[Given information — start]

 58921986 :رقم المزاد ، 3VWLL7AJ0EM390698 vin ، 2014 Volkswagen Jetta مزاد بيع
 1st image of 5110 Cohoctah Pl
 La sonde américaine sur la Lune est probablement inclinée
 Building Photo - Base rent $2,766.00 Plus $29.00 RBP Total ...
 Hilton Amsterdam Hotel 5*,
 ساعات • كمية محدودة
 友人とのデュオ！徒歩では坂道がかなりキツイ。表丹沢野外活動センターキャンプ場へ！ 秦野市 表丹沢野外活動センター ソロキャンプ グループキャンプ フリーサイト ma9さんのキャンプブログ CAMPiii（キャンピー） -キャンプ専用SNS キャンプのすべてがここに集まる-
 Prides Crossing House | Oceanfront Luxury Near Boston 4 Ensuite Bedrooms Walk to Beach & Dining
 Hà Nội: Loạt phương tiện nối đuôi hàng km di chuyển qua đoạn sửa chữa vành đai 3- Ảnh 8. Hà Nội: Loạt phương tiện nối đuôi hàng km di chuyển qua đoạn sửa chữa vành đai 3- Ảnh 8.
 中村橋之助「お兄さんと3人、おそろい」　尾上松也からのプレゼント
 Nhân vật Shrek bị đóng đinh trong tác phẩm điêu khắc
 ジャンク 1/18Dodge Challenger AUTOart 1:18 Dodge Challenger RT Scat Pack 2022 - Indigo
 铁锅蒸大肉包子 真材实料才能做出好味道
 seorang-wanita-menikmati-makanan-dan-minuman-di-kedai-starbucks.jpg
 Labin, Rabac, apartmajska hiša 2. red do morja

[Given information — finish]

▶ **What to do**
Look back at the data above. Transcribe exactly the lines starting at the line that contains "La sonde américaine" and ending at the line that contains "ساعات • كمية محدودة".

▶ **Written answer**
 La sonde américaine sur la Lune est probablement inclinée
 Building Photo - Base rent $2,766.00 Plus $29.00 RBP Total ...
 Hilton Amsterdam Hotel 5*,
 ساعات • كمية محدودة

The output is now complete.